Quantifying the Weepy Bestseller

I have a new piece out that is appearing in The New Republic. In a number of recent book reviews, literary critics and novelists arrive at the consensus that to be a great writer, one must avoid being “sentimental.” One famous novelist describes it as a “cardinal sin” of writing. But is it actually true? Using a computer science method called “sentiment analysis,” we tested this claim on a large corpus of novels from the early twentieth century to the present, and found the opposite. Writers who win book prizes and get reviewed in the New York Times are not any less sentimental than novelists who write popular fiction, such as romances or bestsellers. The only group for whom this was not true were the 50 most canonical novels ever written since about 1950. Our analysis tells us that if you want to write one of the most important books of the next half century, then you should tone down the sentiment. But if you want to be reviewed in a major newspaper, sell books, or win prizes, go ahead and emote away.

But the larger point for us is the way our cultural taste-makers are often wrong or extremely biased in their assumptions about what matters. We found that a computer, ironically, can paint a more nuanced picture of what makes great literature.

Here is a an excerpt:

If you want to be a great writer, should you withhold your sentimental tendencies? The answer for most critics and writers seems to be yes. Sentimentality is often seen as a useful way of distinguishing between serious literature and the not-so-serious, probably best-selling kind. “Sentimentality,” James Baldwin wrote, is “the ostentatious parading of excessive and spurious emotion…the mark of dishonesty, the inability to feel.” While sentimentality is false, grandiose, manipulative, and over-boiled, high literature is subtle, nuanced, cool, and true.

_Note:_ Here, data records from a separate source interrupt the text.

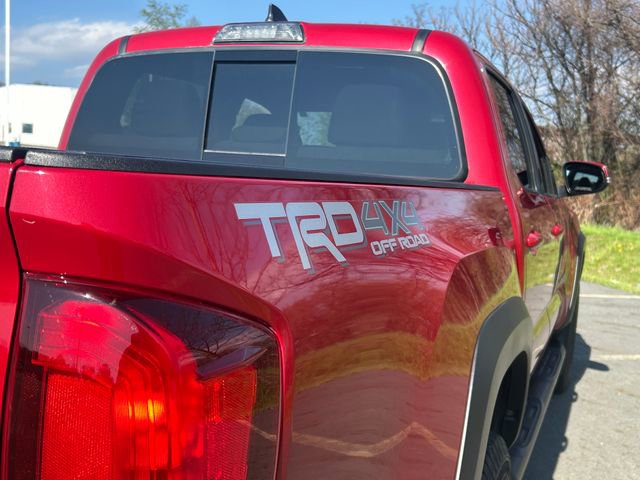 Used 2019 Toyota Tacoma TRD Off-Road AWD/4WD image 30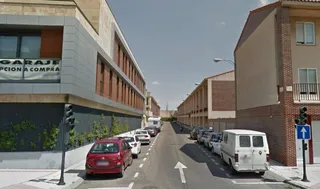 Hurta joyas en la vivienda donde trabajaba y las sustituye por bisutería para disimular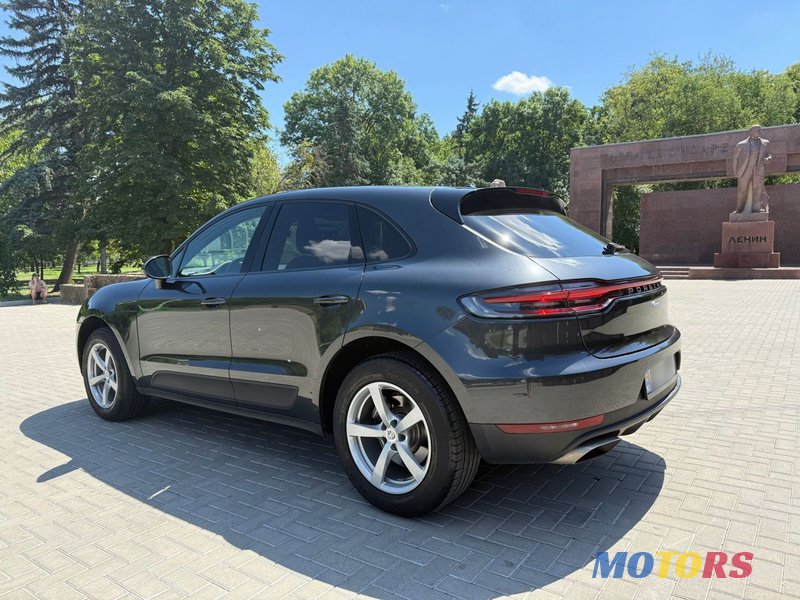 2020' Porsche Macan photo #3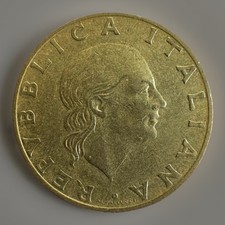 Repubblica italiana 200 usato  Omegna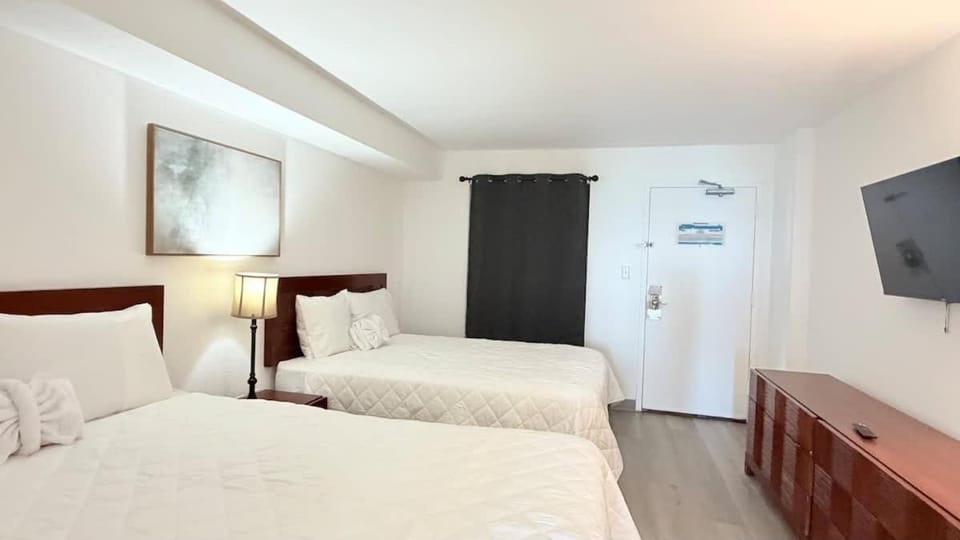 Awesome Oceanfront 1bd pool and hot tub Apartment in Myrtle Beach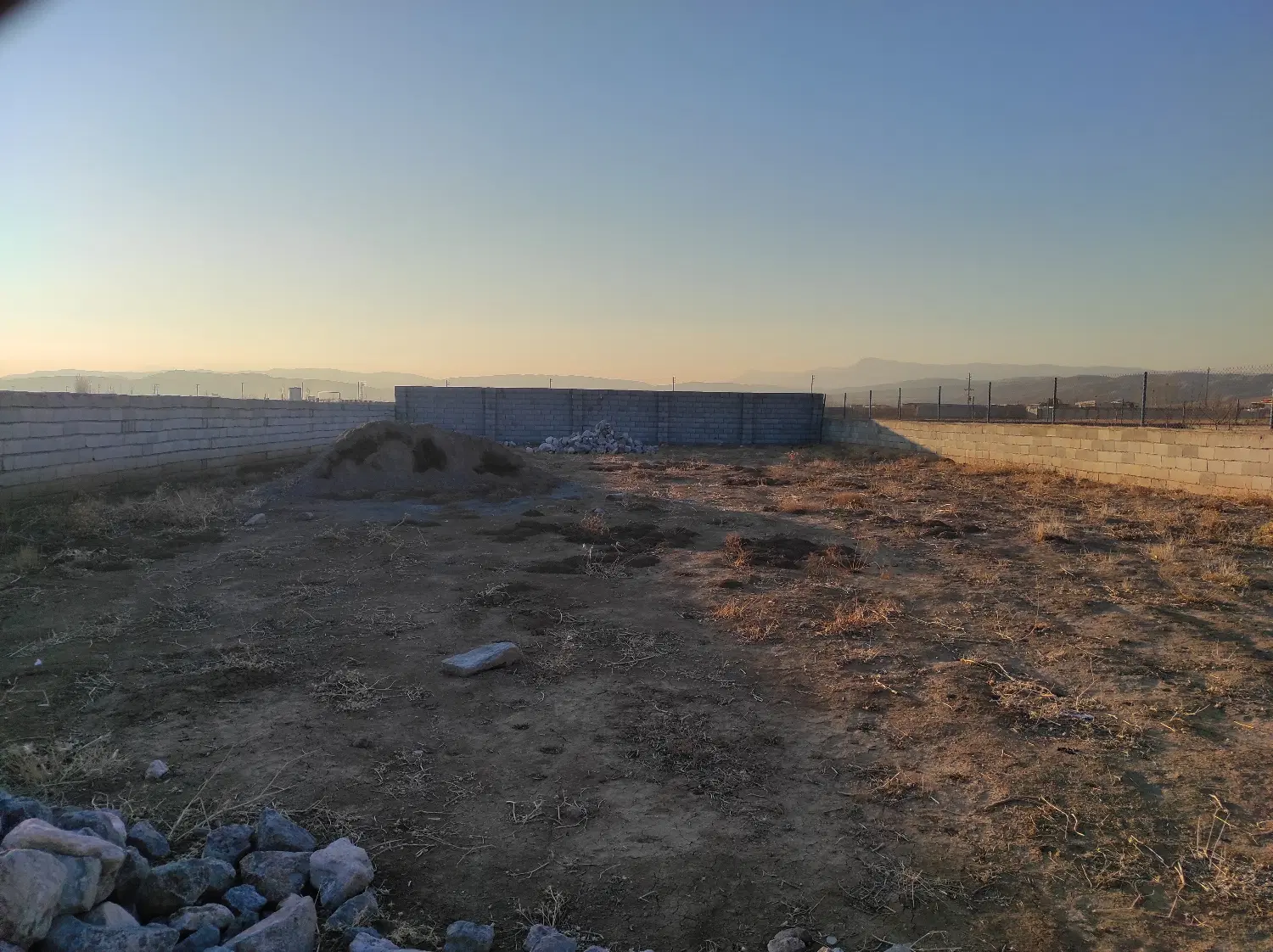 قطعه زمین حصار معدن یولی اسپیران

As Roland Barthes, the dean of high cultural criticism, once remarked: “It is no longer the sexual which is indecent, it is the sentimental.” This sentiment (yes sentiment) has been around since at least the early twentieth century and is still a subject of debate in the review pagesof numerous media outlets today. But is it true? Whether you are for subtlety or against sentimentality, is this a good way to think about writing your next novel?

Read more here.

Where did all the love go? Feelings in the novel.

I have been increasingly focusing on the history of feeling in the novel, especially as a way of differentiating feeling from sentiment analysis. Emotions aren’t the same as sentiments, as they are commonly defined today (and usually only in binary fashion — happy/unhappy or positive/negative). Instead, I was interested in the ways different kinds of emotions change as the novel evolves and what kinds of configurations one might find — the way words for sadness move and reposition in relation to words for joy or love or even anger.

I’m still working on this, but I did want to share an interesting insight about the overall decline of emotionality in the novel. While I know we associate Romanticism with the pathetic and the bathetic, I was still surprised at how much the vocabulary of emotions declined as a percentage of words within the novel overall. We have indeed gotten colder — at least the list of canonical novels has.


These numbers are based on novels in English with the dictionaries drawn from both thesaurus.com and Johnson’s 1755 online dictionary (to try to capture historical change of language). Each emotion consists of roughly 100 synonyms for an overall dictionary size of roughly 500 words. I found thesaurus.com able to give a very robust range of words used to capture different emotions. I expected the contemporary bias to favour more recent texts, but these dictionaries were very good at tracking the historical use of emotions as well.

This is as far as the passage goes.